Member of Constituent Assembly
- In office 21 January 2014 – 14 October 2017
- Preceded by: Laxman Mahato
- Succeeded by: Pradeep Giri
- Constituency: Siraha 1

Member of Parliament, Pratinidhi Sabha
- In office May 1991 – May 1999
- Preceded by: Constituency established
- Succeeded by: Ram Chandra Yadav
- Constituency: Siraha 1

Personal details
- Born: 16 November 1947 (age 78)
- Party: Nepali Congress

= Padma Narayan Chaudhary =

Nepali politician

Padma Narayan Chaudhary (Tharu) (born 1948) is a Nepali politician and a member of the House of Representatives of the Federal parliament of Nepal.
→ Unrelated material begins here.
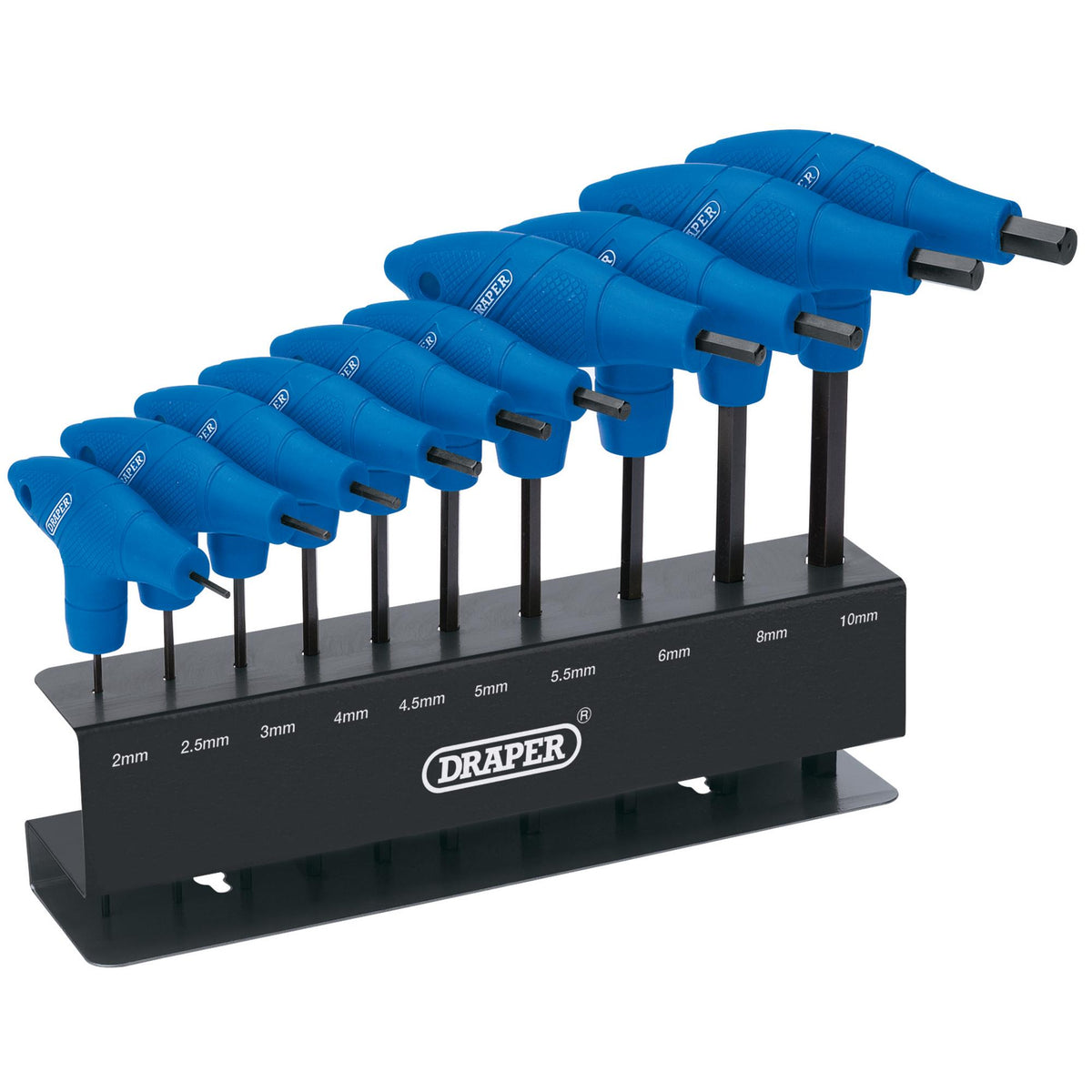 DRAPER 10 piece Metric T-Handle Hexagon Key Set: Model No.THDH/MM/B
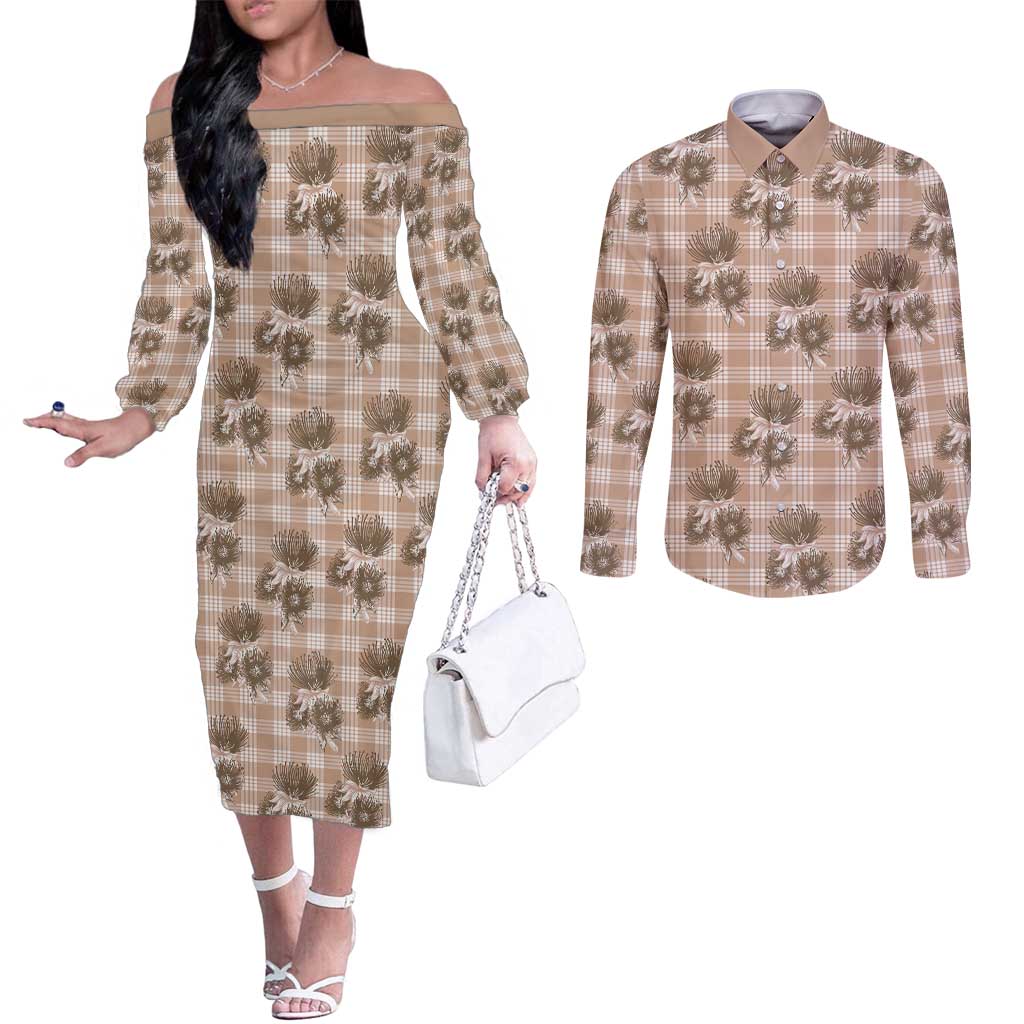 Brown Palaka Hawaii Couples Matching Off The Shoulder Long Sleeve Dress and Long Sleeve Button Shirt Hawaiian Lehua Blossoms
He was elected from Nepali Congress under the proportional representation system. Following his election to parliament, he was appointed the coordinator for the Ministry of Agriculture and Livestock in the shadow cabinet of the main opposition Nepali Congress.

In the 2013 Constituent Assembly election, he was elected from Siraha-1 constituency under the first-past-the-post system. He had previously won the 1991 and 1994 parliamentary elections from the same constituency but lost in the 1999 and 2008 elections.